**Problem requirements**
After finding the line with "với tỷ lệ thắng" in the data below, set down exactly each line through the one with "HYUNDAI R210W-9 - Escavadeira de rodas: foto 3 HYUNDAI", inclusive, and stop there.

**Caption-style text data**
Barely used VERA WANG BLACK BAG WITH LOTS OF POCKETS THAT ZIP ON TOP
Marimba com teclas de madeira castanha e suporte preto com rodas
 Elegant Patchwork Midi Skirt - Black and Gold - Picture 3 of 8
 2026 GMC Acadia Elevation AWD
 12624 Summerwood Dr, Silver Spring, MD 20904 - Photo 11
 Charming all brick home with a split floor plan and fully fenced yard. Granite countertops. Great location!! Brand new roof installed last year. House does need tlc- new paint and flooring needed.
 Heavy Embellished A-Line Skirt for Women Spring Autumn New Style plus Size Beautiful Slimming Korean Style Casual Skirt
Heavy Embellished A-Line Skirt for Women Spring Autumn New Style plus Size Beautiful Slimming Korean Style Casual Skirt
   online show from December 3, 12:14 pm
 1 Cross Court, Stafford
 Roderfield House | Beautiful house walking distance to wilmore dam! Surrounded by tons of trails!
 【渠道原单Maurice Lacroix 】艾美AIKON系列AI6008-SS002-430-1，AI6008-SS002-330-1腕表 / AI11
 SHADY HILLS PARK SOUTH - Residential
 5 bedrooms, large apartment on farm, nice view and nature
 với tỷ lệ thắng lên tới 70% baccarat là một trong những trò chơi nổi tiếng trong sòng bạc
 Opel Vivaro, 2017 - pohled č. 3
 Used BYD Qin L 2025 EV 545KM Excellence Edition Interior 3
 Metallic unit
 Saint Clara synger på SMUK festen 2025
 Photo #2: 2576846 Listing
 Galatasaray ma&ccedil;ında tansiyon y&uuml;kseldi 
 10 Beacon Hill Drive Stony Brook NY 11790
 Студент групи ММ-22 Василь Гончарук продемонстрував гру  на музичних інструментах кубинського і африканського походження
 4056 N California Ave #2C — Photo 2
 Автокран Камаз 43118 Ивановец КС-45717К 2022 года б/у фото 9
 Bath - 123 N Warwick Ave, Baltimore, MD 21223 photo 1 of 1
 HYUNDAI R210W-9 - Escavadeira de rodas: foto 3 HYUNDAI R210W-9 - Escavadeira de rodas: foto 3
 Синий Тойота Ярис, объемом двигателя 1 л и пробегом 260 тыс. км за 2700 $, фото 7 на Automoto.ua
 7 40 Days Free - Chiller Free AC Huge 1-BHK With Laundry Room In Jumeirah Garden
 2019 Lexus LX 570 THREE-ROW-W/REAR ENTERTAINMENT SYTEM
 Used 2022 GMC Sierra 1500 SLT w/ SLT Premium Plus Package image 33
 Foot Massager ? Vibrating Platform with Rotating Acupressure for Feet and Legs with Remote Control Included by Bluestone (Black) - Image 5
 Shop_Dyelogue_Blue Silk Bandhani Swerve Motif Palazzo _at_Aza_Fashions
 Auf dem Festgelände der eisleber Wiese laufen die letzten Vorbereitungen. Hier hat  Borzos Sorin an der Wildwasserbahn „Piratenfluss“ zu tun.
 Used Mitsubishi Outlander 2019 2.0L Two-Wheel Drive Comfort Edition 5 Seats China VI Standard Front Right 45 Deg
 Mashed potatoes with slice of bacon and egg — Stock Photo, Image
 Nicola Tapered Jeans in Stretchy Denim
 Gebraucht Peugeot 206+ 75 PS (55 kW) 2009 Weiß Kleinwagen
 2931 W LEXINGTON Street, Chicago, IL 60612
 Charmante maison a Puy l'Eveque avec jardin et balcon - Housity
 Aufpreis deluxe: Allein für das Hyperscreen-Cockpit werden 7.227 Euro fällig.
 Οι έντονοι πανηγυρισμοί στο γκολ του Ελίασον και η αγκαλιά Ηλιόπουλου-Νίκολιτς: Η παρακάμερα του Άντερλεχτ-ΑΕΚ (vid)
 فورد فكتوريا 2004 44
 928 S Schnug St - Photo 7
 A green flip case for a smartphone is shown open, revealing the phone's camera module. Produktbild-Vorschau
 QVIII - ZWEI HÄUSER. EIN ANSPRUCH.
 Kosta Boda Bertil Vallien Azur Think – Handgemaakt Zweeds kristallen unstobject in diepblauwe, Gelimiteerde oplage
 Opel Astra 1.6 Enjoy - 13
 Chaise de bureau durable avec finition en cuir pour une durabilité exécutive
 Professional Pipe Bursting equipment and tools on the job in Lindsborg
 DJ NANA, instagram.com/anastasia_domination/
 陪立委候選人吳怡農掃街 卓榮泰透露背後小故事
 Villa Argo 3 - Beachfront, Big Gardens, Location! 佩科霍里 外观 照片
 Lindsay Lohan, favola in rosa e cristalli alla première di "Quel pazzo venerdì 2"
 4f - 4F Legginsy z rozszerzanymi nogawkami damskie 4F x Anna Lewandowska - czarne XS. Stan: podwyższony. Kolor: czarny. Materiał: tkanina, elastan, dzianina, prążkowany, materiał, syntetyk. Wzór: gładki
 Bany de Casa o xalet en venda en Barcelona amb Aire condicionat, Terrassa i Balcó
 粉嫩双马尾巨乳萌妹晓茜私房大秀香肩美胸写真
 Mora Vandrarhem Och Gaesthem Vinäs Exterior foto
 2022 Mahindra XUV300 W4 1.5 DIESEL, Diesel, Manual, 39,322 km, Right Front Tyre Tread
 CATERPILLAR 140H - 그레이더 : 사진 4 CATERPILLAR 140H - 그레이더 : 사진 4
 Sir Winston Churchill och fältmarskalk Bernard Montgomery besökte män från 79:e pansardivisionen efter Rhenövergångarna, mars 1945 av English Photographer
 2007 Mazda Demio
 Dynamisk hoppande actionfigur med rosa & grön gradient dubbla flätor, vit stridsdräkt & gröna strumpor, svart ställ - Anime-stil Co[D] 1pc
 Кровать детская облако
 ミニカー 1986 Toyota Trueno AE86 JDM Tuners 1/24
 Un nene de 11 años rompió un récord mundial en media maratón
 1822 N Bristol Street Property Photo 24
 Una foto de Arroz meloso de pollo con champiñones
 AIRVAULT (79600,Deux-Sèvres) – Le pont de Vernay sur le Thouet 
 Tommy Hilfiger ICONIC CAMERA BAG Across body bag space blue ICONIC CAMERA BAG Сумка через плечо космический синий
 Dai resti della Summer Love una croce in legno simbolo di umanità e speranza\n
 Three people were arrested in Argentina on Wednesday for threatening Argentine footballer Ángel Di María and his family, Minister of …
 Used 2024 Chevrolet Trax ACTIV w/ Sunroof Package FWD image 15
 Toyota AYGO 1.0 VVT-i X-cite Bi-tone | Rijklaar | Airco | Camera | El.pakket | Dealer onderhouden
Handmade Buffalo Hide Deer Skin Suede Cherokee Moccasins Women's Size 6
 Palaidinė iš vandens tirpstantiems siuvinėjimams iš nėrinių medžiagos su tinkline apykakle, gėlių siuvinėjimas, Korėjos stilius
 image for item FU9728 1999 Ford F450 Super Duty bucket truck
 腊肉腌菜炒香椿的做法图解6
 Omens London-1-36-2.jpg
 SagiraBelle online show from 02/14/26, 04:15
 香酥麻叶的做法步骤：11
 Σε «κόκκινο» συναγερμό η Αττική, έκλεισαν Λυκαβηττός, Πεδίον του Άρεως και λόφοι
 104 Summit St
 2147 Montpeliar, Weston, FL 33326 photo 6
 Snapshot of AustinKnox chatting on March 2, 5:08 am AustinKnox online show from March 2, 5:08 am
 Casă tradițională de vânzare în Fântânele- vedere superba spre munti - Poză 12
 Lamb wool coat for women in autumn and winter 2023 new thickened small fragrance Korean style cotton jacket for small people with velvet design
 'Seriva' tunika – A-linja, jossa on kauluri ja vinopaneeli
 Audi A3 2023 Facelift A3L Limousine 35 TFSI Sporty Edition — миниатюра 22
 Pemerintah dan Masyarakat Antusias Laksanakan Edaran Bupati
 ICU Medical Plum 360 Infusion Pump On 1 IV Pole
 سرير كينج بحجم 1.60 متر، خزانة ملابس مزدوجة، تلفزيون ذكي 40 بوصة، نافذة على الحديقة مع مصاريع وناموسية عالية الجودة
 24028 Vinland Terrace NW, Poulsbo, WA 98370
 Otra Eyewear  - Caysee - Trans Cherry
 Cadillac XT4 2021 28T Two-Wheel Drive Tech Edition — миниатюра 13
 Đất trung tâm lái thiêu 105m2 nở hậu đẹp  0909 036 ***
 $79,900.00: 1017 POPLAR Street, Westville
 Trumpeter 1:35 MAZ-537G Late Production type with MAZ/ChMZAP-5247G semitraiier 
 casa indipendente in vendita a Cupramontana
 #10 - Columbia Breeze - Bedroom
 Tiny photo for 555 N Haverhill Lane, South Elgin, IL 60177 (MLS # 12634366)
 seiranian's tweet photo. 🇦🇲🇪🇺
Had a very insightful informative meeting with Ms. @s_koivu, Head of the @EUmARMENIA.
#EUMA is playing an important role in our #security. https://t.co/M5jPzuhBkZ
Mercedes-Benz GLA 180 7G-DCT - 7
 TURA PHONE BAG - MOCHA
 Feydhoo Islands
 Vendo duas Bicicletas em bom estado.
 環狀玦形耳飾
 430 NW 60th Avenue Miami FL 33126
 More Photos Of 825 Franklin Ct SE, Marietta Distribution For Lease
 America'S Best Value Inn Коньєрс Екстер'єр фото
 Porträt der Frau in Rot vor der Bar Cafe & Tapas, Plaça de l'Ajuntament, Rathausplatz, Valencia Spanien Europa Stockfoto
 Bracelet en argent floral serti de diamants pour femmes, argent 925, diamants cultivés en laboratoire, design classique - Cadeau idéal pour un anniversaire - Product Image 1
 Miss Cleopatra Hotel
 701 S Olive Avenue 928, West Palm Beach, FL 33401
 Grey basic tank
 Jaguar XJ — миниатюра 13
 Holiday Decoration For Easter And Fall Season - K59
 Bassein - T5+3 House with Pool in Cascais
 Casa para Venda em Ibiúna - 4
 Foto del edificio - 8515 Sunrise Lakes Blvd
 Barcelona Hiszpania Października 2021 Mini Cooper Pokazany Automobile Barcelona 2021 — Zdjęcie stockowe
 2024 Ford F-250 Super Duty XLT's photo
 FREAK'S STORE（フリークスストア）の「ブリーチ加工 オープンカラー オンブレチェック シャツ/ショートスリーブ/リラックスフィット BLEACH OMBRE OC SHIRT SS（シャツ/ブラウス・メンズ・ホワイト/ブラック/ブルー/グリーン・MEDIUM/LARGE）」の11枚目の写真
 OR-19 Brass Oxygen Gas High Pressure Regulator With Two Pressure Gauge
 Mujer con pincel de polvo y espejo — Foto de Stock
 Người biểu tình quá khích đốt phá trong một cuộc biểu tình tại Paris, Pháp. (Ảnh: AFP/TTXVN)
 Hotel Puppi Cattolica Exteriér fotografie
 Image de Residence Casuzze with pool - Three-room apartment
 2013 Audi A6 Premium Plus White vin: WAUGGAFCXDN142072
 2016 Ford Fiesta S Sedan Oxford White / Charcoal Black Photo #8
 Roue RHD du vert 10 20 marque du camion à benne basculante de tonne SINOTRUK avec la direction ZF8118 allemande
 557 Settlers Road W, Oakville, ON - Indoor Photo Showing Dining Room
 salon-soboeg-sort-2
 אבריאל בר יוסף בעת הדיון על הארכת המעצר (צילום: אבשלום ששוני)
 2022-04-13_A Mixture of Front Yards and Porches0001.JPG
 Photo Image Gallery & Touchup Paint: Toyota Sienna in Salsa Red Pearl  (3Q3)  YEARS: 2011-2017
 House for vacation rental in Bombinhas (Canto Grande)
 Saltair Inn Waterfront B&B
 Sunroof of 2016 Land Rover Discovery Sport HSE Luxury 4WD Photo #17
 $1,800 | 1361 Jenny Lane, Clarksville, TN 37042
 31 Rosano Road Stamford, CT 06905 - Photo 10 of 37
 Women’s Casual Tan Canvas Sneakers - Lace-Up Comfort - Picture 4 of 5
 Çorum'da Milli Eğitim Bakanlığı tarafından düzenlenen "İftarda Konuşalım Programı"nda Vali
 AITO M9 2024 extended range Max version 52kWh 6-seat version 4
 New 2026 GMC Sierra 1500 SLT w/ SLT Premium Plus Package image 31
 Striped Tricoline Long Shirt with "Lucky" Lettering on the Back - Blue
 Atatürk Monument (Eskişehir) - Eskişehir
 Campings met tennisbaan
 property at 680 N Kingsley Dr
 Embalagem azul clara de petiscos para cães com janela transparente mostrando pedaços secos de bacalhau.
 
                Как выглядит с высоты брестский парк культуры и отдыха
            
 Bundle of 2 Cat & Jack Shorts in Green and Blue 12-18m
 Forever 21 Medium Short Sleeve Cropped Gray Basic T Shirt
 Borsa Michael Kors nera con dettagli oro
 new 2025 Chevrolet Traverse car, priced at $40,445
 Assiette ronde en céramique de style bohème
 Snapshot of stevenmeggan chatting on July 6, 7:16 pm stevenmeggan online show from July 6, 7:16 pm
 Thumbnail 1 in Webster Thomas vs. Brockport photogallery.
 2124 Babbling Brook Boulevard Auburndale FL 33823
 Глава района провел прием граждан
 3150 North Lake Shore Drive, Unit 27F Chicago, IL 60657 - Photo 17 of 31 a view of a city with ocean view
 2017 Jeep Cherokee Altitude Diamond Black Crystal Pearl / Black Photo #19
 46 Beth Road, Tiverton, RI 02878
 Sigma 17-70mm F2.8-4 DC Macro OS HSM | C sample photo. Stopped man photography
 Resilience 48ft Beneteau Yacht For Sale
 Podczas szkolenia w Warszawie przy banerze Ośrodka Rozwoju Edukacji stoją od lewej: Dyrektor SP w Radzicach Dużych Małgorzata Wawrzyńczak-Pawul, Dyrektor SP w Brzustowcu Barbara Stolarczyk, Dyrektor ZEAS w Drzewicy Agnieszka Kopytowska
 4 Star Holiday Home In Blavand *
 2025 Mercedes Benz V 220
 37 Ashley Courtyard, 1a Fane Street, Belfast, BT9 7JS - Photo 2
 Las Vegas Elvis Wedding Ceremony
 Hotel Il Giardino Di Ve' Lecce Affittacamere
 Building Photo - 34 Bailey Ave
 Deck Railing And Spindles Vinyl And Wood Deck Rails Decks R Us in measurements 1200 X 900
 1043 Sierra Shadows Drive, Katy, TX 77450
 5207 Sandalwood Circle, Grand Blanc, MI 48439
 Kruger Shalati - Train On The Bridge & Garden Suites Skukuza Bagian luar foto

**Expected output**
 với tỷ lệ thắng lên tới 70% baccarat là một trong những trò chơi nổi tiếng trong sòng bạc
 Opel Vivaro, 2017 - pohled č. 3
 Used BYD Qin L 2025 EV 545KM Excellence Edition Interior 3
 Metallic unit
 Saint Clara synger på SMUK festen 2025
 Photo #2: 2576846 Listing
 Galatasaray ma&ccedil;ında tansiyon y&uuml;kseldi 
 10 Beacon Hill Drive Stony Brook NY 11790
 Студент групи ММ-22 Василь Гончарук продемонстрував гру  на музичних інструментах кубинського і африканського походження
 4056 N California Ave #2C — Photo 2
 Автокран Камаз 43118 Ивановец КС-45717К 2022 года б/у фото 9
 Bath - 123 N Warwick Ave, Baltimore, MD 21223 photo 1 of 1
 HYUNDAI R210W-9 - Escavadeira de rodas: foto 3 HYUNDAI R210W-9 - Escavadeira de rodas: foto 3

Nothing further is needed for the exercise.